You need to sign in to do that
Don't have an account?
Shortest way to normalize strings - replace accents and non-ASCII chars with 'normal' chars
Hi,
Banks are really old-fashioned in the way they handle text data in files sent through even the latest standards-managing IT systems. In SEPA, for example, they still handle text in their own charset which is not Unicode, more similar to old ASCII or even EBCDIC :(
In the US, its not a big problem, but in European and Asian countries, this is mega-important.
In Java, the Normalize and Pattern classes are great for this : Unicode text can be normalized down to ASCII in 2 or 3 instructions. In Apex, things are *very* long.

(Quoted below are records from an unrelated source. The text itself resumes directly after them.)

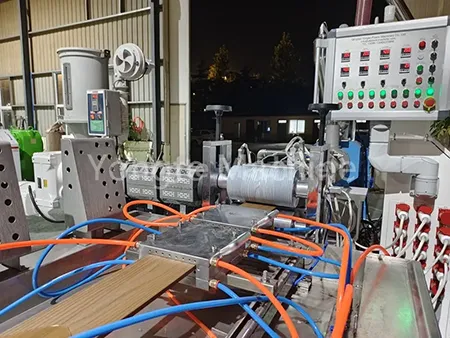 WPC-Zaunherstellungsmaschine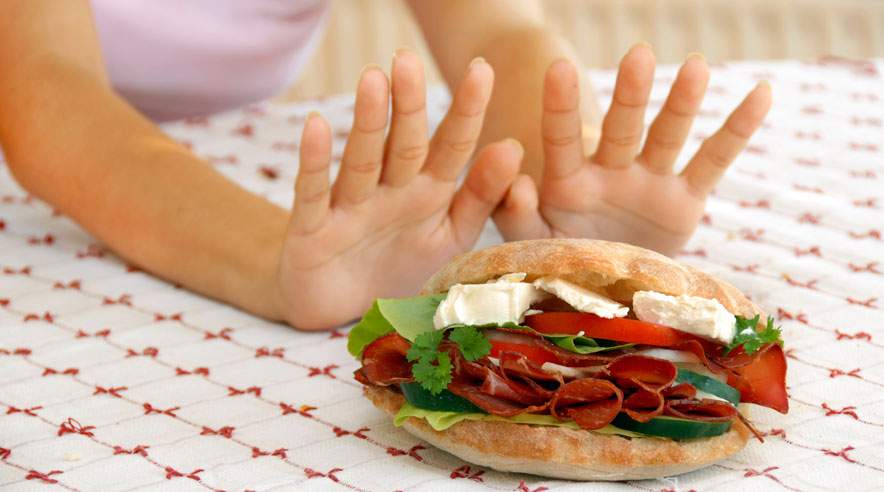 Et godt eksempel på &#8221;angstprovokerende&#8221; fødevarer er brød og kartofler, mener Vibeke Lund. Men man kan sagtens forene brød, kartofler og dressing med en sund livsstil. Det handler om balance - alt med måde. (Foto: Colourbox)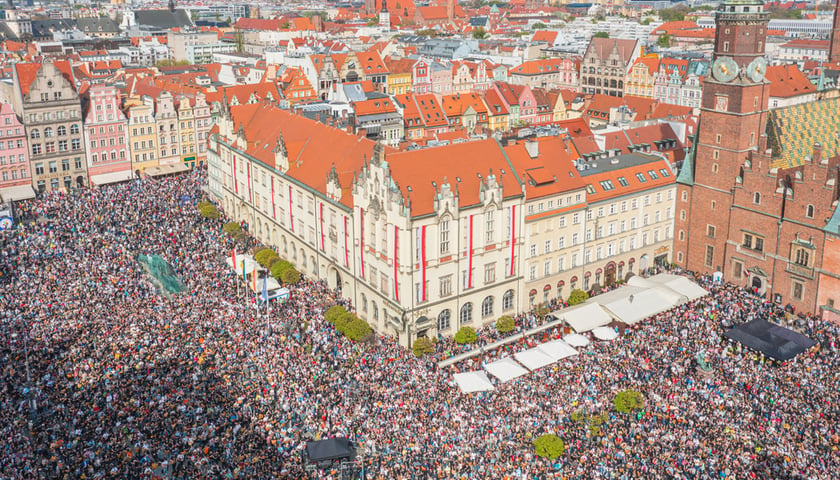 Gitarowy Rekord Świata 2023. Widok na gitarzystów z drona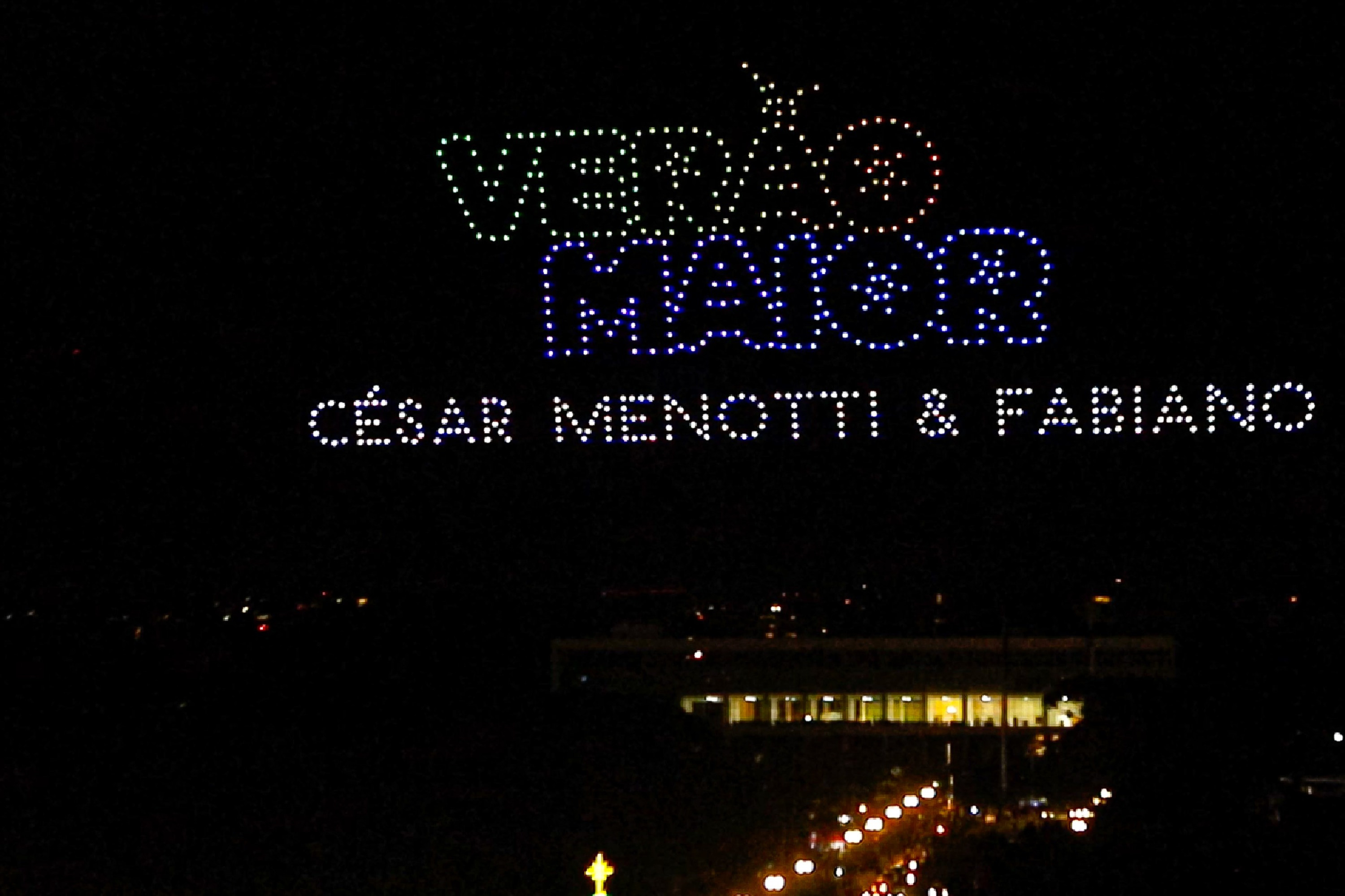 Com o céu iluminado por mais de 600 drones, o Governo do Estado deu o pontapé inicial para a maior edição da história do Verão Maior Paraná.. A cerimônia de lançamento, que aconteceu nesta quarta-feira (27), contou com a presença do governador Carlos Massa Ratinho Junior.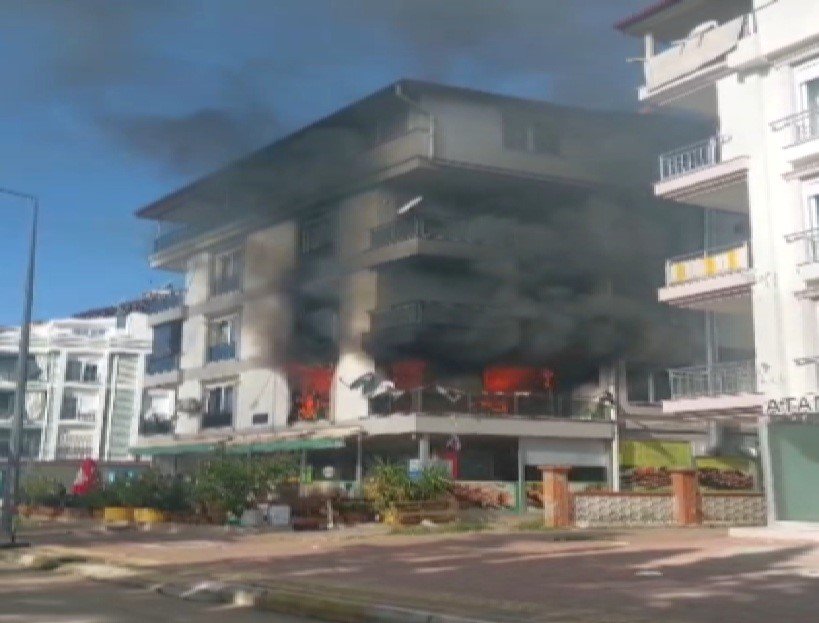 Antalya’da 4 Katlı Binada Yangın Paniği: 2’si Çocuk 6 Kişi Dumandan Etkilendi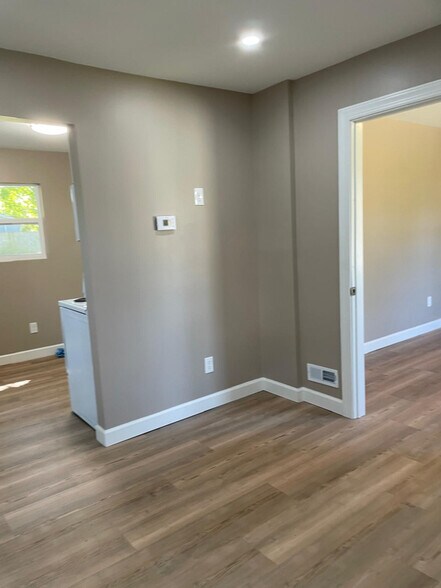 Building Photo - 1615 Lawton Ave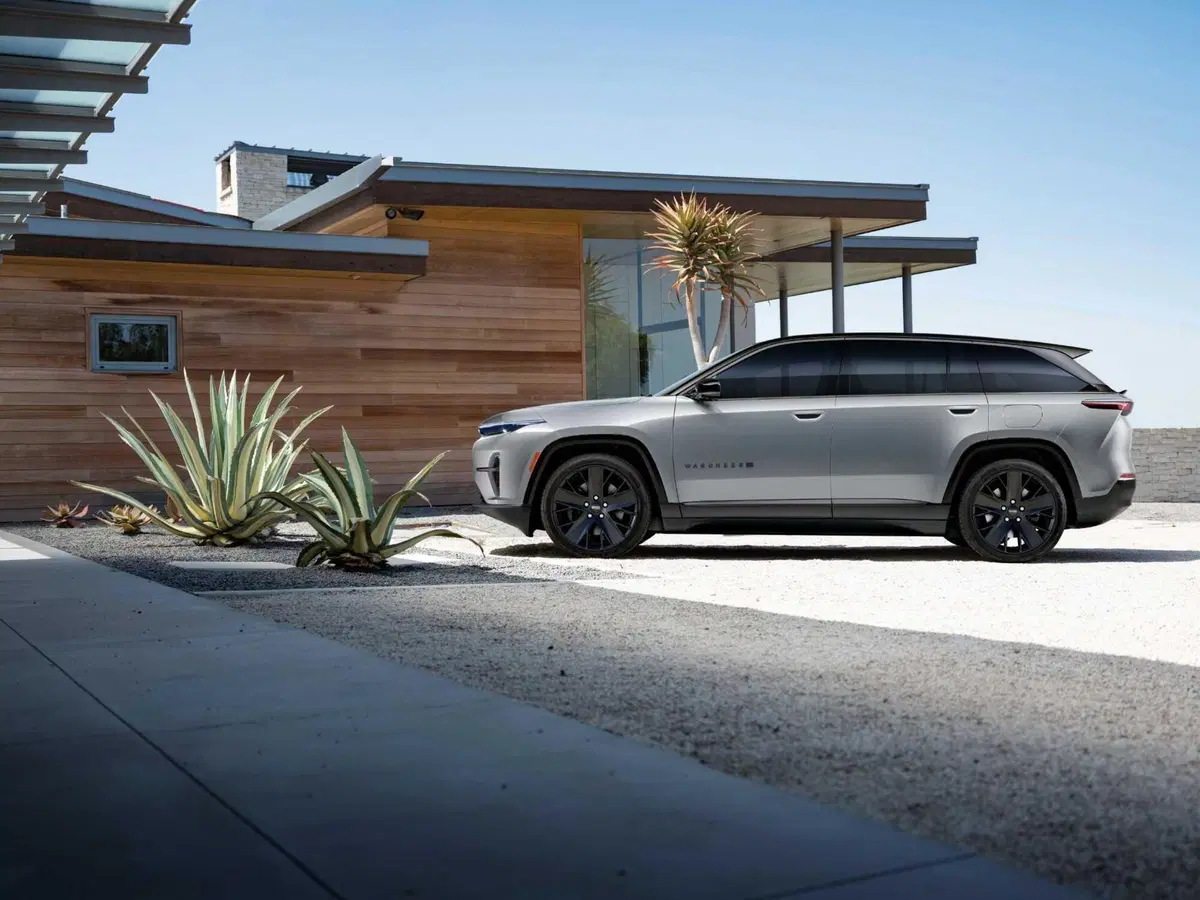 Jeep Wagoneer S: questa è una TOP JEEP elettrica che sfida Tesla (9)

This is the normalization I go through today :
private String clean(String in) { //String minmaj = "ÀÂÄÇÉÈÊËÎÏÛÜÔÖaàâäbcçdeéèêëfghiîïjklmnoôöpqrstuùûüvwxyz"; //String maj = "AAACEEEEIIUUOOAAAABCCDEEEEEFGHIIIJKLMNOOOPQRSTUUUUVWXYZ"; String acc = 'ÀÂÄÇÉÈÊËÎÏÌÛÜÙÔÖÒÑ' + '°()§<>%^¨*$€£`#,;./?!+=_@"' + '\''; // et Œ, Æ, &; String maj = 'AAACEEEEIIIUUUOOON' + ' ' + ' '; String out = ''; for (Integer i = 0 ; i < in.length() ; i++) { String car = in.substring(i, i+1); Integer idx = acc.indexOf(car); if (idx != -1){ out += maj.substring(idx, idx+1); } else if (car == 'Œ') { out += 'OE'; } else if (car == '&') { out += 'ET'; } else if (car == 'Æ') { out += 'AE'; } else { out += car; } } return out; }
Remember, this is to produce files where alignment is important, so I can't just replace Æ with AE without fixing the padding instructions (elsewhere).
This method uses too many instructions : has anyone got a better way of doing it, still in APEX ?
TIA,
Rup
Have you explored Matcher and Pattern (regular expressions) methods in Apex. If not, I would recommend exloring it to reduce the number of instructions.
http://www.salesforce.com/us/developer/docs/apexcode/index_Left.htm#CSHID=apex_classes_pattern_and_matcher_pattern_methods.htm|StartTopic=Content%2Fapex_classes_pattern_and_matcher_pattern_methods.htm|SkinName=webhelp
http://www.salesforce.com/us/developer/docs/apexcode/index_Left.htm#CSHID=apex_classes_pattern_and_matcher_pattern_methods.htm|StartTopic=Content%2Fapex_classes_pattern_and_matcher_pattern_methods.htm|SkinName=webhelp
I know Pattern and Matcher well.
What I really need is the equivalent of Java's Normalize to go with them : anyone got an idea ?
Rup
Thanks. Would love to see more formal support for string Normalization from Salesforce. Can't the java implementation be lifted??